Geography Blue Box Seminar presents Dr. Thomas Froelicher, Marine heatwaves and ocean biogeochemical extremes: Key processes, changes and impacts
Description: Extreme events, i.e., the normally rare occurrences when a system is far outside its norm, severely impact organisms and ecosystem on land. Yet, in comparison, our understanding of such extreme events in the ocean is generally poor. This is especially the case for ocean biogeochemical extremes, while the knowledge on marine heatwaves has grown rapidly in recent years. With trends in ocean warming, acidification, deoxygenation, and surface nutrient concentrations projected to continue for decades, marine heatwaves and ocean biogeochemical extreme events are likely to intensify, occur more often, persist for longer, and extend over larger regions. Of particular concern are compound events, i.e., when conditions are extreme concurrently for multiple properties. Compound extremes can lead to especially severe impacts, since the individual properties may interact synergistically. Here we combine observations with large ensemble simulations of Earth system models to assess the spatial characteristics, underlying drivers and trends in ocean extremes and compound events and their impacts on marine ecosystems, with a focus on compound marine heatwaves and ocean acidity extremes. Since the conditions exhibited by today’s extreme events are a harbinger of what may become ‘normal’ in the future, our results may help to better understand the response of marine organisms and ecosystems to future climate change.

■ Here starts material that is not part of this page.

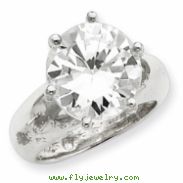 Sterling Silver Solitaire Round CZ Ring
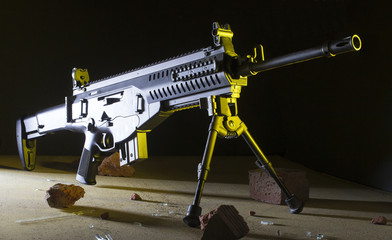 Assault rifle in the dark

About the author: Thomas Frölicher is currently an Assistant Professor at the Climate and Environmental Physics Division of the University of Bern and the head of the ocean modelling group. He is interested in marine ecosystem-carbon-climate interactions with focus on ocean extreme events and their impacts on climate and on marine organisms and ecosystem services. He studied environmental sciences at ETH Zürich and graduated in Physics at the University of Bern. He worked as a postdoctoral fellow at Princeton University and as a senior researcher at ETH Zürich.
He is the recipient of the 2019 Theodor Kocher Prize of the University of Bern. Thomas is strongly involved in the European H2020 projects COMFORT (ocean extremes and tipping points), 4C (global carbon cycle), AtlantECO (Atlantic ecosystems) and PROVIDE (overshoot scenarios). He was the lead author of chapter six on Extremes, Abrupt Changes and Managing Risks of the IPCC Special Report on the Ocean and Cryosphere in a Changing Climate, including the summary for policy makers, and contributed to the fifth and sixth assessment report of working group I and II of the IPCC and to the second World Ocean Assessment.